#### GIVEN DATA:
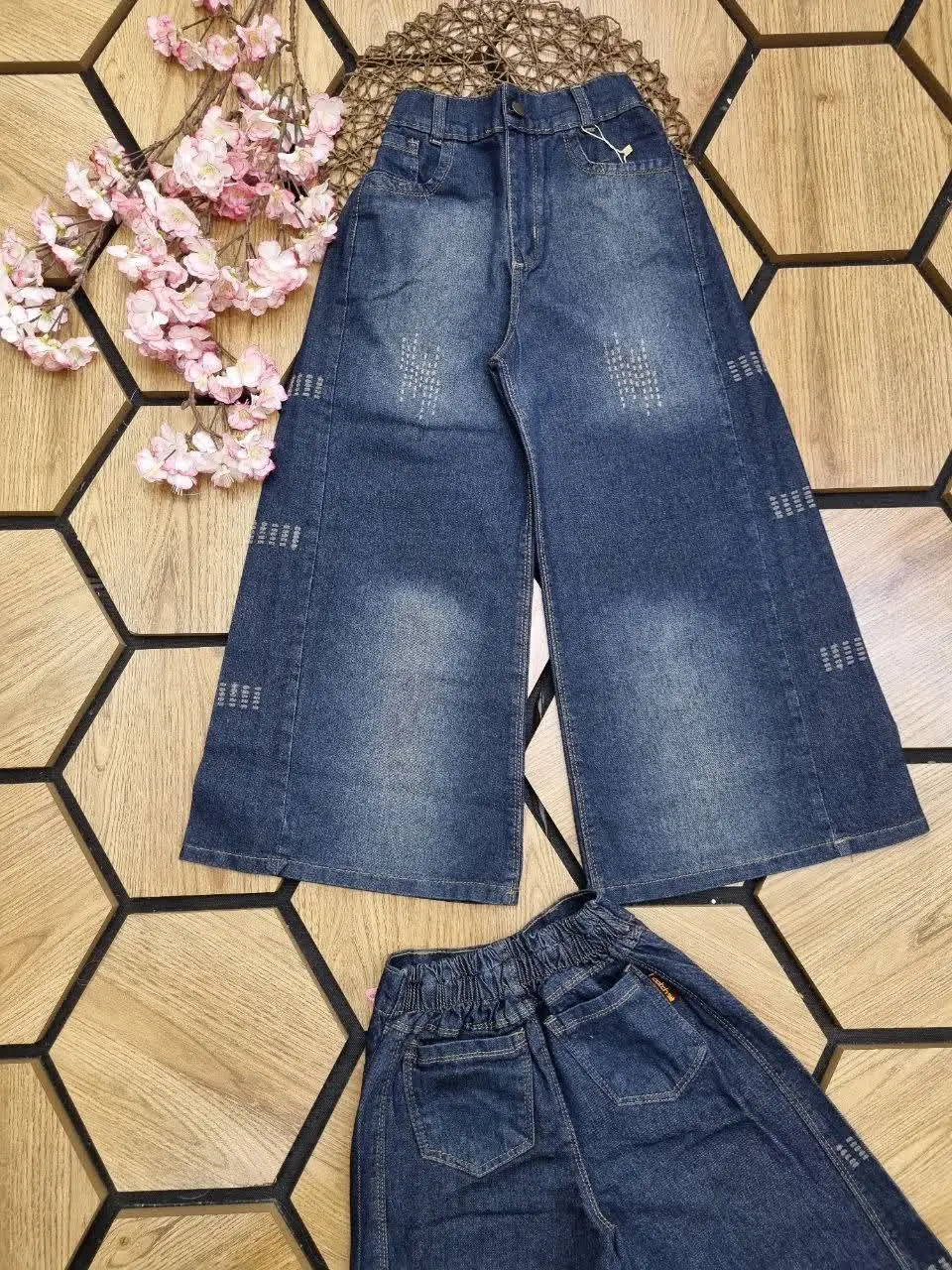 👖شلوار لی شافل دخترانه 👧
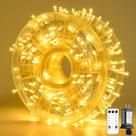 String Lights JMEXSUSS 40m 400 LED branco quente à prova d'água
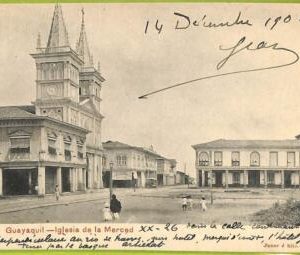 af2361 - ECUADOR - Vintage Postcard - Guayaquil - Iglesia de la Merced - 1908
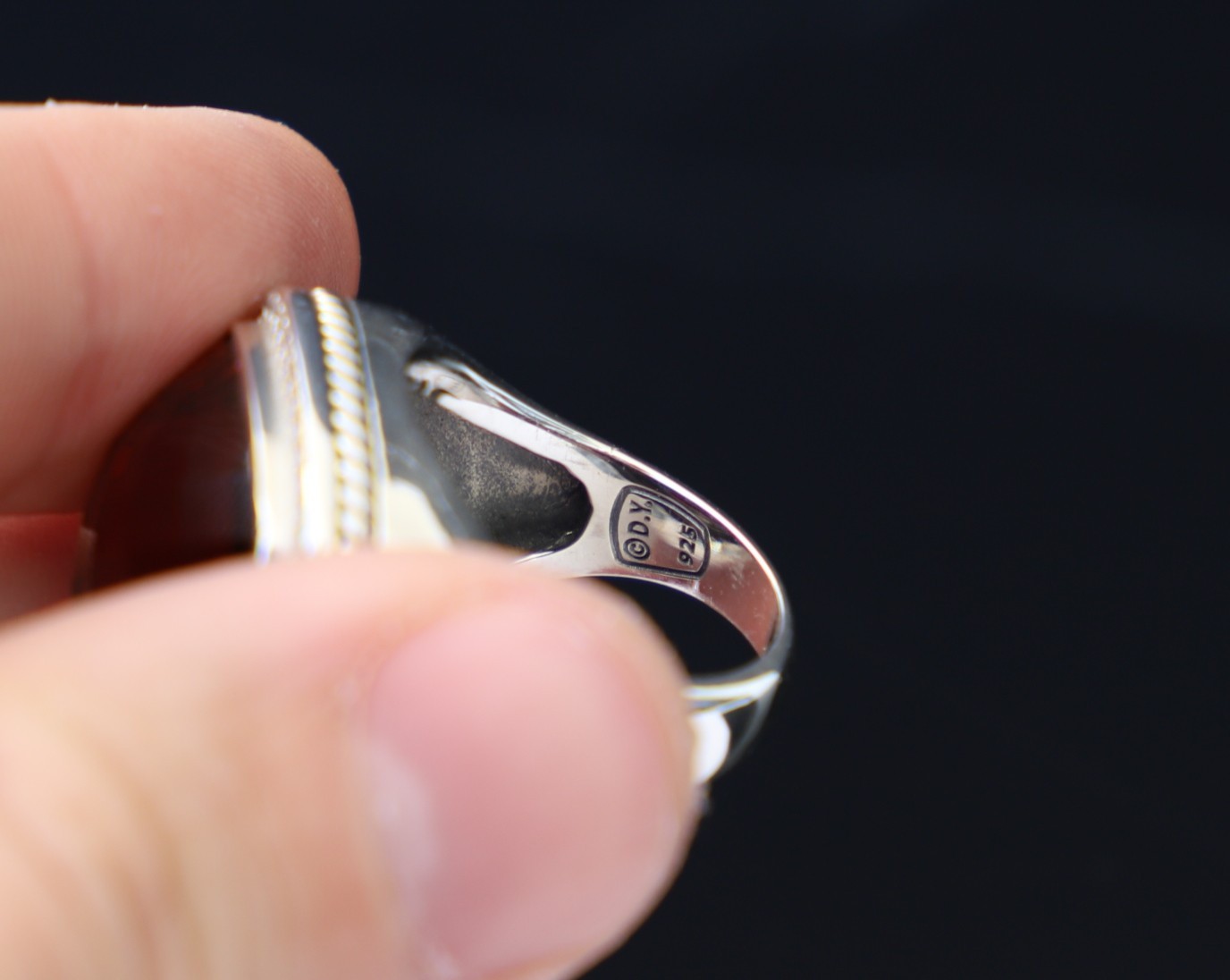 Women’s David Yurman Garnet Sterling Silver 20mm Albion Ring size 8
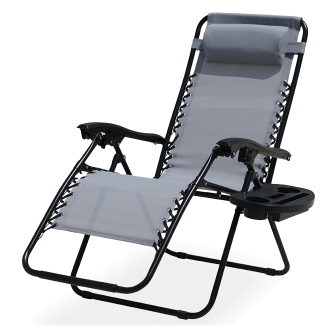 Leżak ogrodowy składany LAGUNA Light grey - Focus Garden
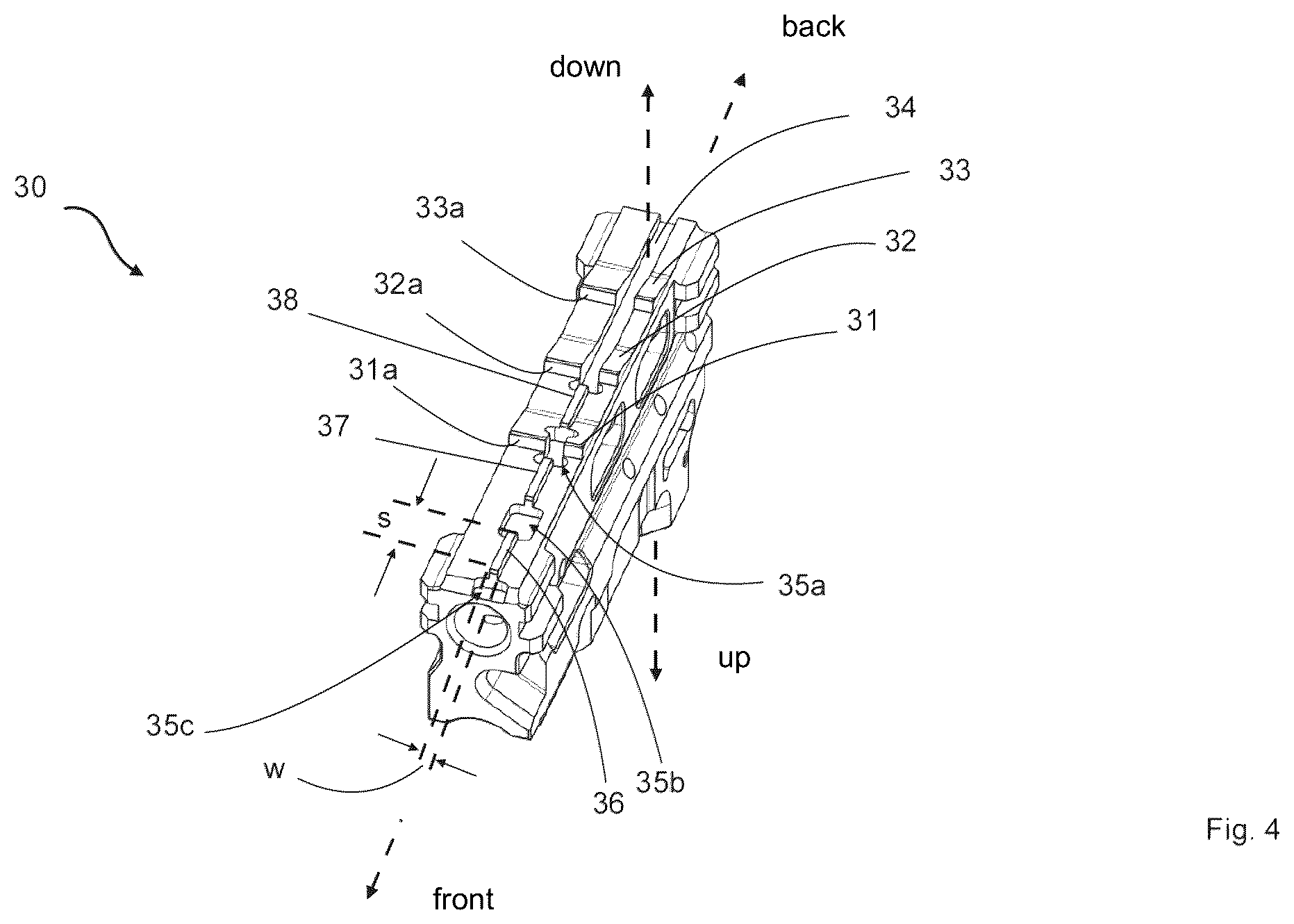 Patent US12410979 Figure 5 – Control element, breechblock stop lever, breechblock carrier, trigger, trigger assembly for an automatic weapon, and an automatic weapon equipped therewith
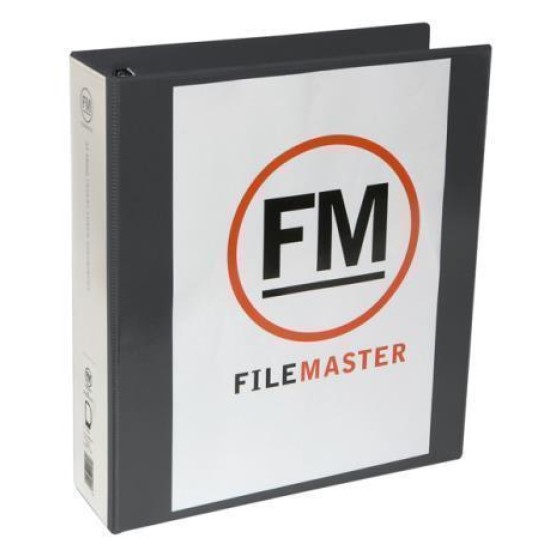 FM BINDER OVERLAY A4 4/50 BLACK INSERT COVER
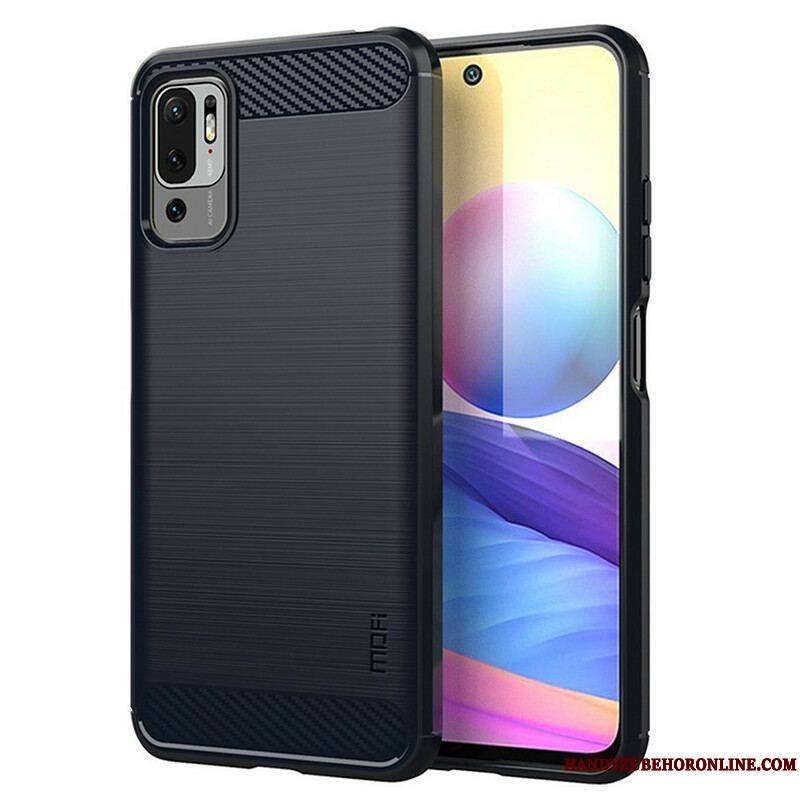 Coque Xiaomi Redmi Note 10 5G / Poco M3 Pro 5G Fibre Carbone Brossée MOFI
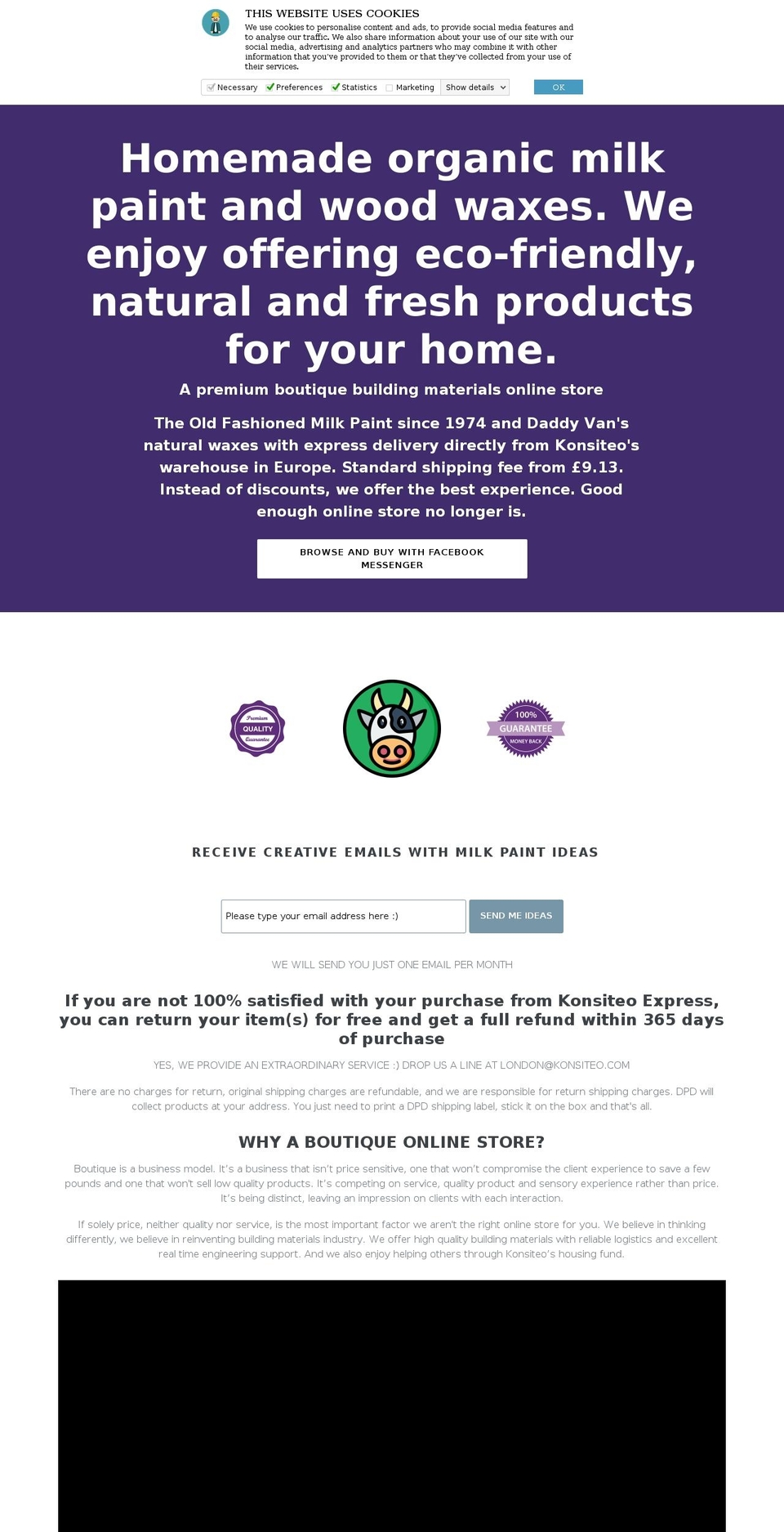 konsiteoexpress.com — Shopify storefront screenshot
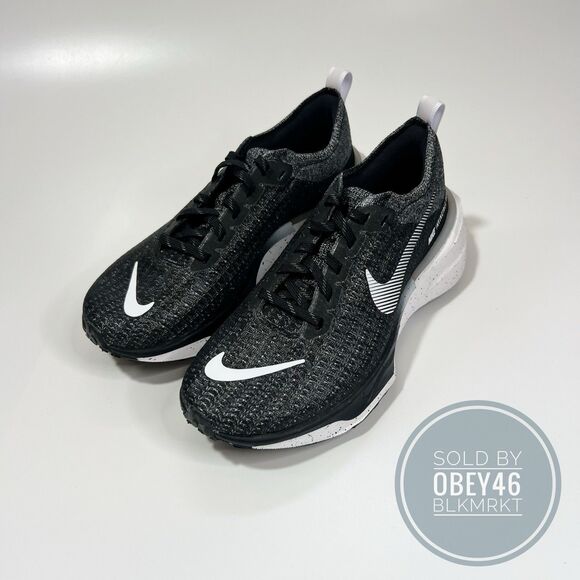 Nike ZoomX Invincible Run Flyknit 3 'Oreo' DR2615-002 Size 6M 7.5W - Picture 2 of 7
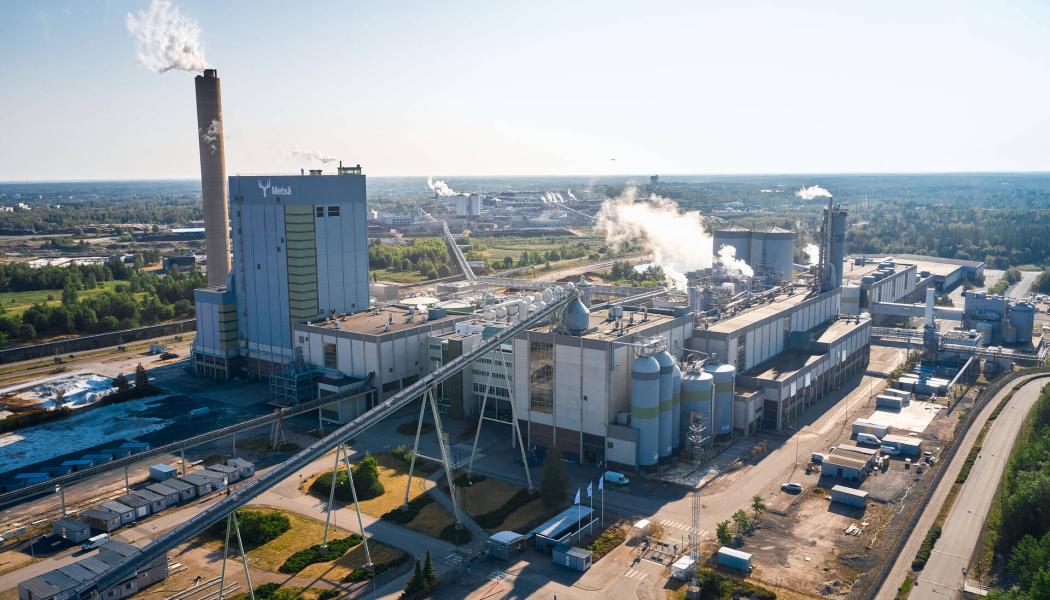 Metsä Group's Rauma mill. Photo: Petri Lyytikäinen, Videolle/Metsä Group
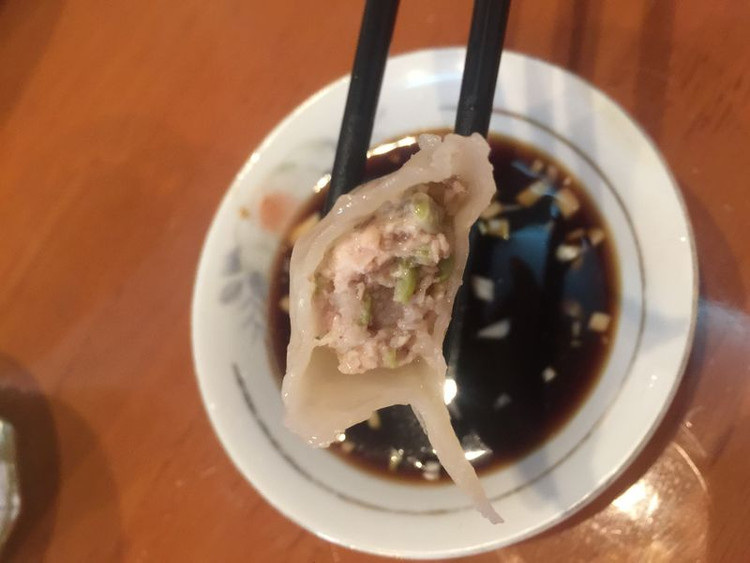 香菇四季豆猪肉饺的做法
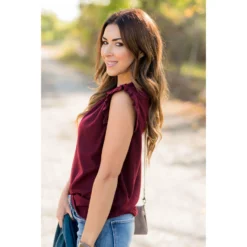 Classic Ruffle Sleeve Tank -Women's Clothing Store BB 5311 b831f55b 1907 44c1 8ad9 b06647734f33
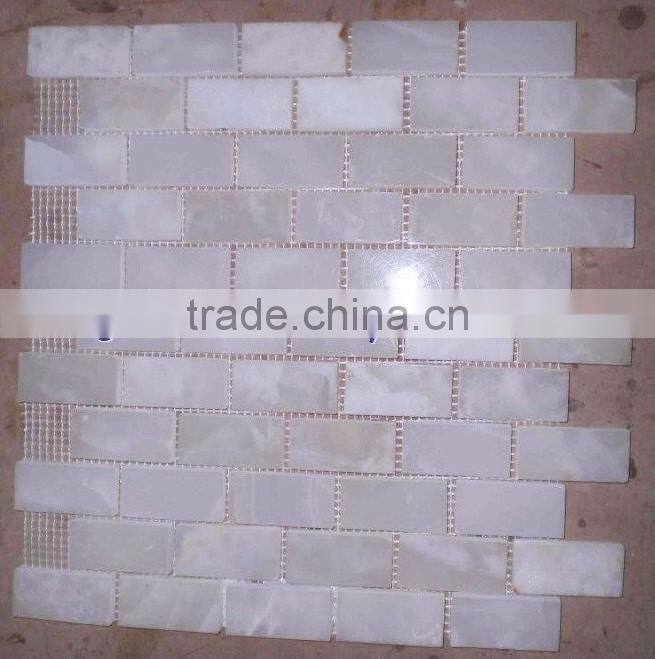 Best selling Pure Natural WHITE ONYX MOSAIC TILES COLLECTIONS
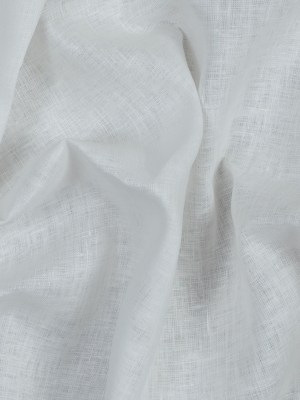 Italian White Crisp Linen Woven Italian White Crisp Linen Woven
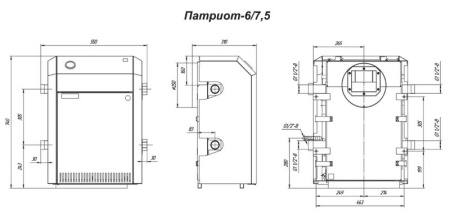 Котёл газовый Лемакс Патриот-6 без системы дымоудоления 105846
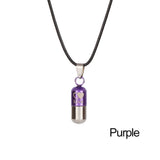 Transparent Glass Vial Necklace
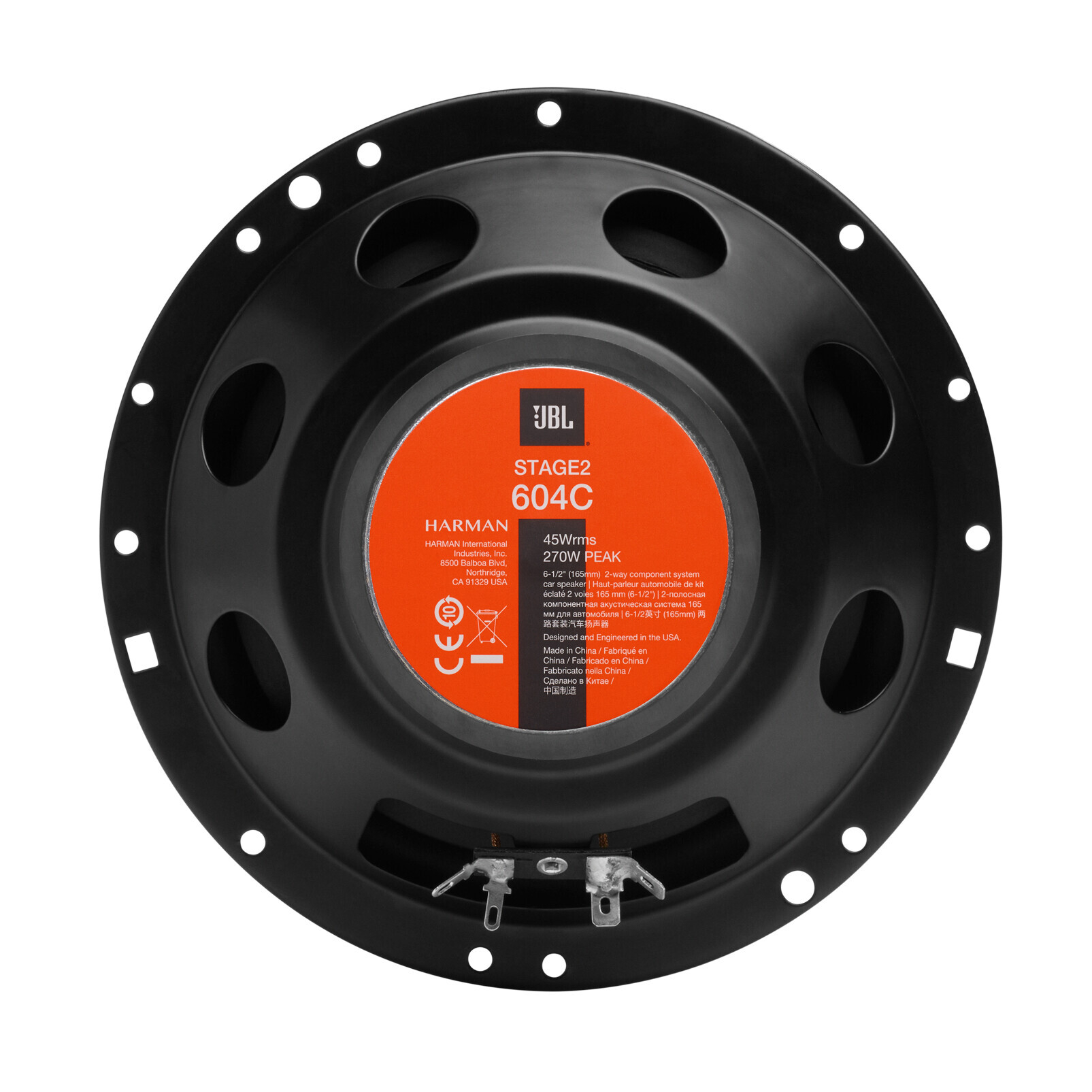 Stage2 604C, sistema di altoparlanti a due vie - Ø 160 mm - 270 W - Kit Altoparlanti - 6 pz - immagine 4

#### TASK INSTRUCTIONS:
Every line above from the one with "Patent US12410979 Figure" down to the one with "FM BINDER OVERLAY A4 4/50 BLACK INSERT COVER" must be written out exactly, and no picture may appear.

#### RESPONSE:
 Patent US12410979 Figure 5 – Control element, breechblock stop lever, breechblock carrier, trigger, trigger assembly for an automatic weapon, and an automatic weapon equipped therewith
 FM BINDER OVERLAY A4 4/50 BLACK INSERT COVER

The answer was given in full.